Dalam forum ini kepala daerah diharapkan dapat berkoordinasi secara efektif demi kepentingan nasional, bukan sekadar kepentingan sempit partai.

Tetapi Mega dengan sikap otoriternya memilih untuk menciptakan sekat-sekat kepartaian yang justru berbahaya bagi kepentingan rakyat.

Keputusan ini mencerminkan bahwa bagi Megawati, partai lebih utama daripada negara. Sikap ini semakin menegaskan bahwa PDIP bukanlah partai demokratis seperti yang selama ini mereka gembor-gemborkan.

Jika benar mereka menjunjung demokrasi maka semestinya kepala daerah yang telah dipilih oleh rakyat diberi kebebasan untuk menjalankan tugas mereka sesuai dengan kepentingan bangsa. Bukan malah dikekang dengan instruksi sepihak yang berpotensi merusak harmoni kepemimpinan nasional.

BELA YANG SALAH
Lebih ironis lagi, di saat Mega menunjukkan ketegasannya kepada para kepala daerah, ia justru kekeh membela kader partainya yang bermasalah. Hasto Kristianto, Sekjen PDIP terseret kasus korupsi begitu juga dengan mantan Wali Kota Semarang, Hevearita Gunaryanti Rahayu beserta suaminya. Mega tampak gelap mata, betapa gigihnya dia membela yang salah.

Dalam sumpah jabatan para kepala daerah berikrar untuk mengabdi kepada bangsa dan negara bukan kepada partai. Ketika sumpah itu diucapkan di hadapan Presiden, mereka merupakan bagian dari tim kolektif dalam membangun Indonesia.

Maka sudah seharusnya partai tidak ikut campur dalam pengambilan keputusan mereka. Namun yang terjadi justru sebaliknya, PDIP masih ingin mencengkeram kendali seolah kepala daerah hanyalah boneka yang harus mengikuti titah ketua umum.

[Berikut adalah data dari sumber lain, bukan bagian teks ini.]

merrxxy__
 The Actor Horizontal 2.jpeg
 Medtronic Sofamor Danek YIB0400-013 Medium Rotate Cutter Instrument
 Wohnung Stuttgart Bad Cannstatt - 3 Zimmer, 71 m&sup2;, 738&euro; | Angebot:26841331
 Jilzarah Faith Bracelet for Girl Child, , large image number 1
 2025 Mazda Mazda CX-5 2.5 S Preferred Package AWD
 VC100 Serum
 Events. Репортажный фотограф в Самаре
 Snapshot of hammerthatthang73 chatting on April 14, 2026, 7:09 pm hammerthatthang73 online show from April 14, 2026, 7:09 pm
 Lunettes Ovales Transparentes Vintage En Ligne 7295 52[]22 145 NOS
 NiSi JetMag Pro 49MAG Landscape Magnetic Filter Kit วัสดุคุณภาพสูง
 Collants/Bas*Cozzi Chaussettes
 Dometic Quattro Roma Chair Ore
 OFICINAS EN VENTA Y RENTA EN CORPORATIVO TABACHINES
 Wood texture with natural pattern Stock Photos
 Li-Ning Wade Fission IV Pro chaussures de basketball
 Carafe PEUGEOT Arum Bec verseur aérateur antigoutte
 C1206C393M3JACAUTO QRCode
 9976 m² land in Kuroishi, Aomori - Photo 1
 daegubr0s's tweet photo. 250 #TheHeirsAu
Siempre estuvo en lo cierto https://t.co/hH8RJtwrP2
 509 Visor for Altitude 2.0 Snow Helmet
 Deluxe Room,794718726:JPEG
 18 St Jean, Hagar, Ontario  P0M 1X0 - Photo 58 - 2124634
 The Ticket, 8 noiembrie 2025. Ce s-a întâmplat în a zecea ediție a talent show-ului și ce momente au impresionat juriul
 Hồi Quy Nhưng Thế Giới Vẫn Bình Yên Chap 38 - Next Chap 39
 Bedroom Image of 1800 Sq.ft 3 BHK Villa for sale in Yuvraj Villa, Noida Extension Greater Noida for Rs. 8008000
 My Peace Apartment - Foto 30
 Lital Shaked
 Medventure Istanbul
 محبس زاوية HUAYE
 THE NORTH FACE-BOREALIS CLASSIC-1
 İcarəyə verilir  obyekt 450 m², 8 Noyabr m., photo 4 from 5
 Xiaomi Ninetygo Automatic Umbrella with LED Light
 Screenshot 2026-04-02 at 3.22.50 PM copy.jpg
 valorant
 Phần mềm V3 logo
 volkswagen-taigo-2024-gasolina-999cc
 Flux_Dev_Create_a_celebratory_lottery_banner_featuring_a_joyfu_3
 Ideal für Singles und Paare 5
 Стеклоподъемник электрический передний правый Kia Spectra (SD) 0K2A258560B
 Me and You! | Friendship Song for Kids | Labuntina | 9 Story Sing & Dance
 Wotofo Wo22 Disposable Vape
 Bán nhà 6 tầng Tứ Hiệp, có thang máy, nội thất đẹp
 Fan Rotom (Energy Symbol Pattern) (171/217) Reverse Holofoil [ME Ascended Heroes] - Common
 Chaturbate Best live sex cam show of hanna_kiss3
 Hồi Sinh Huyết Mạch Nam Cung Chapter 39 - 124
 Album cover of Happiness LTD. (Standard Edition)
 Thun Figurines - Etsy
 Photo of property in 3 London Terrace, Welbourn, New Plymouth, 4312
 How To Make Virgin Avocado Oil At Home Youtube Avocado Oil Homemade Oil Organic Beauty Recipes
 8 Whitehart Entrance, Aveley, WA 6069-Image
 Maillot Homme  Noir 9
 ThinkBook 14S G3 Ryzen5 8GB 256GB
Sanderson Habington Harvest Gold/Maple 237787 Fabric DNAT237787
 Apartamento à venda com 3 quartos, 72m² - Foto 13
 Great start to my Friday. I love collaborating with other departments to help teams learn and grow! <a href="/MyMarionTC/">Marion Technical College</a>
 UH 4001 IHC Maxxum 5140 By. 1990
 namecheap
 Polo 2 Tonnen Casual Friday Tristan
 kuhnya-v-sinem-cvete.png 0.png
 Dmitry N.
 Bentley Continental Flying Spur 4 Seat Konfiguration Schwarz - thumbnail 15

Oleh sebab itu hari ini rakyat perlu mengingat dan mencatat. Ketika Pemilu 2029 tiba, saatnya memberikan sanksi keras kepada PDIP. Saatnya rakyat menunjukkan bahwa mandat mereka bukan untuk dipermainkan. Demokrasi bukan hanya tentang pemilihan tetapi juga tentang pertanggung-jawaban, akuntabilitas.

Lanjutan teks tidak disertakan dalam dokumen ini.